##### Data segment #####
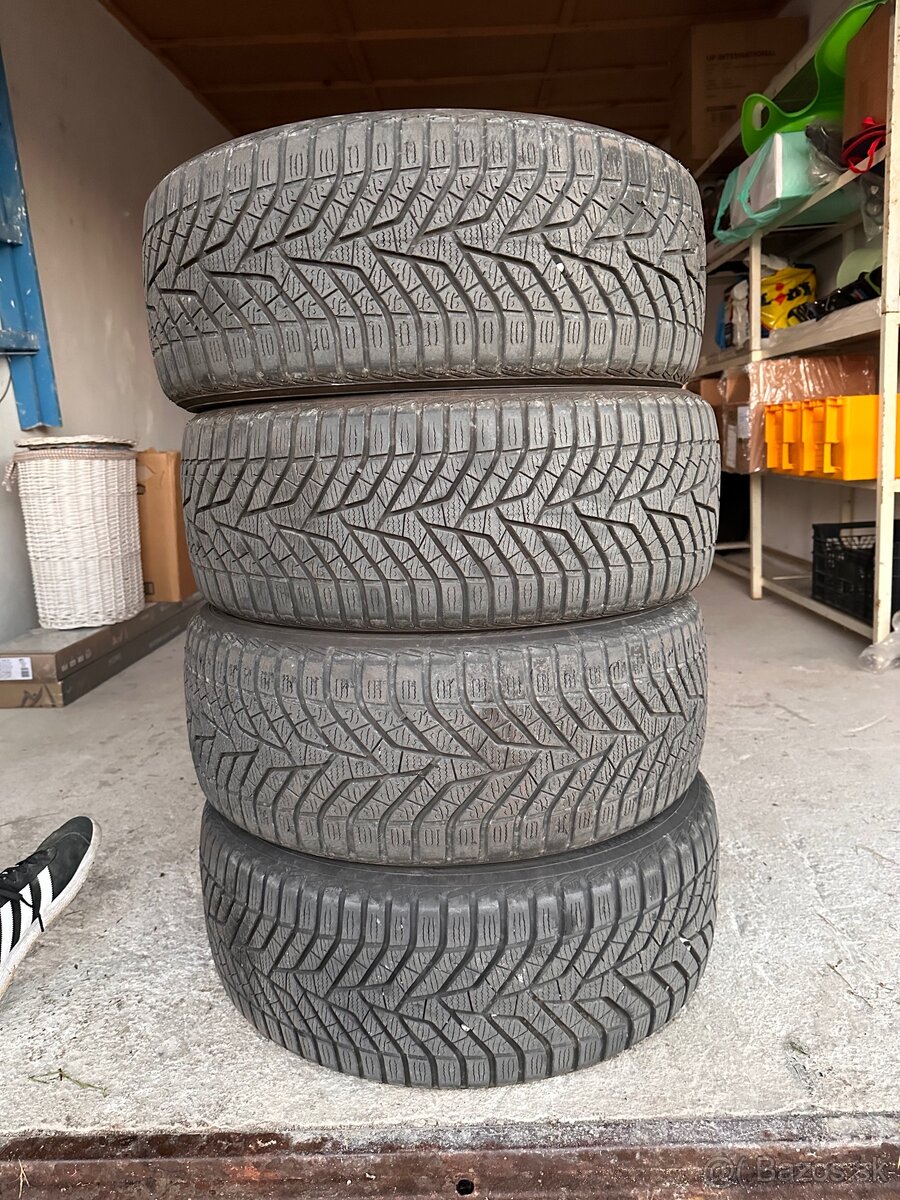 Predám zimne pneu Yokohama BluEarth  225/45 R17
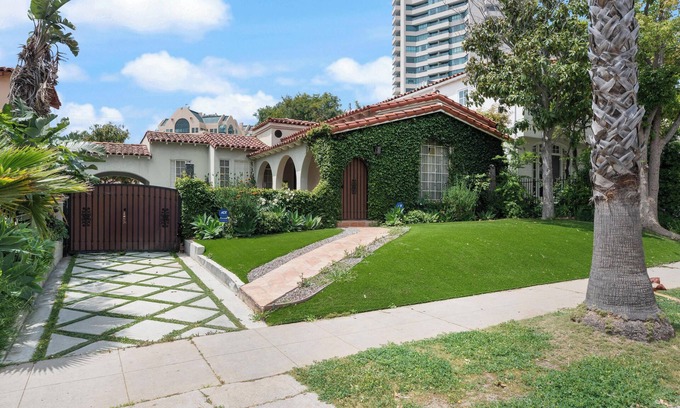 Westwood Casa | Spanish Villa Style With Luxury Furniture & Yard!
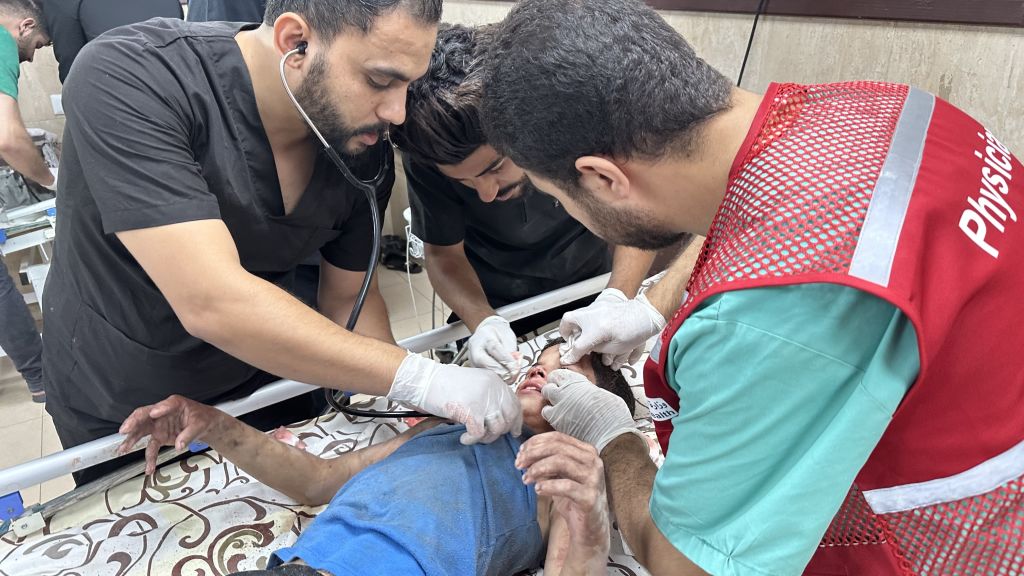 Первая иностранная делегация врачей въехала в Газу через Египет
#####
• [Problem to solve]: Quote exactly the lines from the one that contains "Westwood Casa |" through the end of the listing above, both ends included, leaving out the pictures.

• [Solution for this problem]:
 Westwood Casa | Spanish Villa Style With Luxury Furniture & Yard!
 Первая иностранная делегация врачей въехала в Газу через Египет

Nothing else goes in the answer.